Normally, PSAC’s ­excessive demands would have been tempered by the possibility of back-to-work legislation, but the NDP’s support of PSAC’s demands made the chances of that virtually nil. That put the Trudeau government between the proverbial rock and a hard place: either leave ­government services that people count on shut down or agree to a ­settlement that adds many more billions to already perilously dangerous deficit spending.

In the end, the union’s demands were met, but dressed up in different clothes. Rather than the 13.5 per cent over three years, settled for a nominal 11.5 per cent over four years, but retroactive to 2021 and added a 0.5 per cent special adjustment for 2023.

The union’s website shows a total wage increase of 12 per cent, with 9.5 per cent coming immediately.

But that’s not all. PSAC members will also receive a “pensionable $2,500 one-time lump sum payment that represents an additional 3.7 per cent of salary.” A few days later, Canada Revenue Agency employees settled on basically the same terms plus a fourth year adjustment contingent inflation adjustment.

Moreover, the union gained a protection against contracting out provision designed to “protect public service jobs and reduce contracting out in the federal public service.”

It’s hard to comprehend how the settlement could have been worse, both for taxpayers and for increasing the already ­dangerous disparity between public and private sector ­workers. As public-sector workers try to justify their excessive wage demands, private-sector workers struggle with the rising cost of groceries and other necessities.

These are the same private-sector workers whose taxes pay the cost of the public service. But it has become quite clear that PSAC workers just don’t care, a shamefully selfish ­behaviour that tears dangerously at the fabric of our nation.

The worst may be yet to come. A Government of Canada website lists 32 federal and provincial union contracts due to expire in 2023, covering a total of 99,000 workers.

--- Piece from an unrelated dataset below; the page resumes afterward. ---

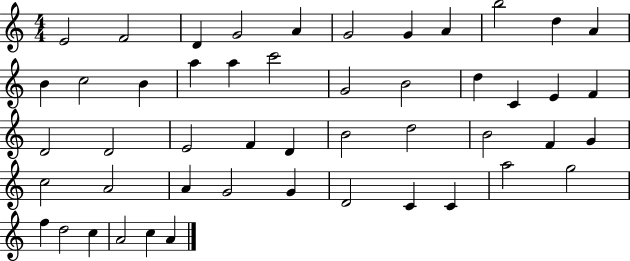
E4/h F4/h D4/q G4/h A4/q G4/h G4/q A4/q B5/h D5/q A4/q B4/q C5/h B4/q A5/q A5/q C6/h G4/h B4/h D5/q C4/q E4/q F4/q D4/h D4/h E4/h F4/q D4/q B4/h D5/h B4/h F4/q G4/q C5/h A4/h A4/q G4/h G4/q D4/h C4/q C4/q A5/h G5/h F5/q D5/h C5/q A4/h C5/q A4/q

Those unions have been waiting for the PSAC settlement to set the benchmark. I’m sure they’re delighted with the outcome. The result is certain not only to expand the already ­dangerously disparate compensation of public- and private-sector workers but also significantly accelerate the very inflation the unions claim justify their rich wage demands.

This is a dangerous time for our country. We have a federal government that sinks the nation further and further into debt with profligate spending and hobbles the resource industries that provide much of our GDP and export revenue.

It is kept in power by a deeply socialist party whose sole agenda is to blackmail the minority Liberals into ­expanding social welfare programs that are already unaffordable. And now we have clear evidence that members of our largest public-sector union just don’t care about the fellow Canadians who pay their wages.

Our prime minister talks ­constantly about environmental sustainability. The real ­question is the social and economic ­sustainability of the course he has plotted for our beleaguered nation.